Photographer: Chris Ratcliffe/Bloomberg
Japan's Yakult Seeks Brexit Clarity to Protect Consumer SpendingBy
Probiotic-drink maker worried about consumer instability
Company says it plans to stay in U.K. no matter the outcome
The U.K. needs to clarify its Brexit plans to avoid undermining consumer confidence as talks on leaving the European Union run into roadblocks, according to one of Japan’s biggest food companies.
Yakult Honsha Co., which sells 190,000 bottles of its probiotic, yogurt-like drink in the U.K. daily, intends to stay in the country regardless of the outcome of the Brexit negotiations, company President Takashige Negishi said in an interview. Talks have bogged down this month, raising the likelihood of a messy divorce in which Britain leaves the bloc without a deal, potentially creating chaos for business.
Negishi said in an interview in London, “We would like the direction of Brexit to be shown as early as possible so that the sentiment of consumers does not become unstable and have an adverse effect on economic activity.”
Japanese companies have shed their traditional preference for discretion as Brexit threatens to complicate relations with a country in which they employ 140,000 people.
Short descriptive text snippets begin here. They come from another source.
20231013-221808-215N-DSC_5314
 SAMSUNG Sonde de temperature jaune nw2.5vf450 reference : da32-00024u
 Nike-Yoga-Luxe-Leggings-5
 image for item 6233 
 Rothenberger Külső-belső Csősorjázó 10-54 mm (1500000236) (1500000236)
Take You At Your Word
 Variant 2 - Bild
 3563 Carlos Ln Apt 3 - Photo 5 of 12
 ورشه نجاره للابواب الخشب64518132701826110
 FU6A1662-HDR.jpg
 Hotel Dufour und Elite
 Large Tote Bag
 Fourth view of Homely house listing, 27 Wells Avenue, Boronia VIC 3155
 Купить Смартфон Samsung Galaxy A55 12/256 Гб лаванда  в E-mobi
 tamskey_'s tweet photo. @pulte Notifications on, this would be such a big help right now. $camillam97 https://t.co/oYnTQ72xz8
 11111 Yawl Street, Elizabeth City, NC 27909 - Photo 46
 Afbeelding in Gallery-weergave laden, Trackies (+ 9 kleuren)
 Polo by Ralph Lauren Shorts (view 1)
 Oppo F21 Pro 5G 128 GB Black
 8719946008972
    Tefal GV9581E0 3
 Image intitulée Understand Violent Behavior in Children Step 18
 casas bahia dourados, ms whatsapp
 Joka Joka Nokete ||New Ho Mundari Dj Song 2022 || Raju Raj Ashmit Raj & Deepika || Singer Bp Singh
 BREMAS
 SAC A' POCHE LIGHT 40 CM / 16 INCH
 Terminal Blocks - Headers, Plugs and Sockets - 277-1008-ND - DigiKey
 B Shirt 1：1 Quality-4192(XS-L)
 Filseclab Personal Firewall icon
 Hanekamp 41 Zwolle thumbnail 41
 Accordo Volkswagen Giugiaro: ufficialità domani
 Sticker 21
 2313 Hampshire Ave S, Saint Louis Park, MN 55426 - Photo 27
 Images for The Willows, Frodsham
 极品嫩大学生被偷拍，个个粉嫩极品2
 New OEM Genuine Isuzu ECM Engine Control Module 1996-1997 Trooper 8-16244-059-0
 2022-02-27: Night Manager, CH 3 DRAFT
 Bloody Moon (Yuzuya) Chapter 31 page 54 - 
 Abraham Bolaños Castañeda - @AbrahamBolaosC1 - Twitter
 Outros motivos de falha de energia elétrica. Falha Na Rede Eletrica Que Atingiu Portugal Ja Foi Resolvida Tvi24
Haruki Hayashi, president of the Japanese Chamber of Commerce and Industry in the U.K., last year warned that dropping out of the EU’s single market and customs union posed a risk for Japanese companies seeking a “gateway to Europe,” while carmaker Nissan received special assurances from the government of Prime Minister Theresa May when it pledged new investments in a U.K. plant.
“Whichever way Brexit goes, we are committed to the U.K.,” Negishi said. “Watch this space.”
Yakult, which has a market value of nearly $14 billion and counts France’s Danone as its largest investor, hasn’t seen an impact on sales from the vote to leave the EU, Negishi said. The company hasn’t raised prices in Britain as a result of Brexit, though the drink is imported from a factory in the Netherlands.
The U.K., the company’s biggest market in Europe, is “not easy for us,” Negishi said, but “we don’t want to just follow the price increases of competitors’ products.”